WHAT THE TASK REQUIRES:
Every entry below must be copied exactly, with nothing left out.

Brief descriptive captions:

• • •

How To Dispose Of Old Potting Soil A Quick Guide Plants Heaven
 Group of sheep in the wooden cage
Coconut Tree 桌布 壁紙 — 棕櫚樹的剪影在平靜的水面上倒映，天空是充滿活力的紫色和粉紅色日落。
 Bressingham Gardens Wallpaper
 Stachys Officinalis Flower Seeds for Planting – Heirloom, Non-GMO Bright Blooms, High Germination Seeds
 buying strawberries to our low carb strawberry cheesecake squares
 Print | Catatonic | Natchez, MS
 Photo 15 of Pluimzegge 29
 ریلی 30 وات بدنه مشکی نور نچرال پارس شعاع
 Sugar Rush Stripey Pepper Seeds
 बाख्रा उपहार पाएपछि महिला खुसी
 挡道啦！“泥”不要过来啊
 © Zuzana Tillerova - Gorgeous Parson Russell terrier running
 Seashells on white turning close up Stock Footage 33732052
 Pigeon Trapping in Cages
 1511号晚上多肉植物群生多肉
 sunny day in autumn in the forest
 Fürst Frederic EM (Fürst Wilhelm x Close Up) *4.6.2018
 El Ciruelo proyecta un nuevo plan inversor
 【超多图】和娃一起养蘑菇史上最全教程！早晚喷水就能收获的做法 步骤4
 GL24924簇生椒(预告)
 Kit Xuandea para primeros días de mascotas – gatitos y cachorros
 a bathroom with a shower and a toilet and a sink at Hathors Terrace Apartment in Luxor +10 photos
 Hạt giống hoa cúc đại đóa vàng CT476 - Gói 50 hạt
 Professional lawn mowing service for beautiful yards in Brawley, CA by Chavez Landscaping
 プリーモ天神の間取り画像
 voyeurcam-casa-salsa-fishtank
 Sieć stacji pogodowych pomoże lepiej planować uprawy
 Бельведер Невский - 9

• • •

TASK RESPONSE:
How To Dispose Of Old Potting Soil A Quick Guide Plants Heaven
 Group of sheep in the wooden cage
Coconut Tree 桌布 壁紙 — 棕櫚樹的剪影在平靜的水面上倒映，天空是充滿活力的紫色和粉紅色日落。
 Bressingham Gardens Wallpaper
 Stachys Officinalis Flower Seeds for Planting – Heirloom, Non-GMO Bright Blooms, High Germination Seeds
 buying strawberries to our low carb strawberry cheesecake squares
 Print | Catatonic | Natchez, MS
 Photo 15 of Pluimzegge 29
 ریلی 30 وات بدنه مشکی نور نچرال پارس شعاع
 Sugar Rush Stripey Pepper Seeds
 बाख्रा उपहार पाएपछि महिला खुसी
 挡道啦！“泥”不要过来啊
 © Zuzana Tillerova - Gorgeous Parson Russell terrier running
 Seashells on white turning close up Stock Footage 33732052
 Pigeon Trapping in Cages
 1511号晚上多肉植物群生多肉
 sunny day in autumn in the forest
 Fürst Frederic EM (Fürst Wilhelm x Close Up) *4.6.2018
 El Ciruelo proyecta un nuevo plan inversor
 【超多图】和娃一起养蘑菇史上最全教程！早晚喷水就能收获的做法 步骤4
 GL24924簇生椒(预告)
 Kit Xuandea para primeros días de mascotas – gatitos y cachorros
 a bathroom with a shower and a toilet and a sink at Hathors Terrace Apartment in Luxor +10 photos
 Hạt giống hoa cúc đại đóa vàng CT476 - Gói 50 hạt
 Professional lawn mowing service for beautiful yards in Brawley, CA by Chavez Landscaping
 プリーモ天神の間取り画像
 voyeurcam-casa-salsa-fishtank
 Sieć stacji pogodowych pomoże lepiej planować uprawy
 Бельведер Невский - 9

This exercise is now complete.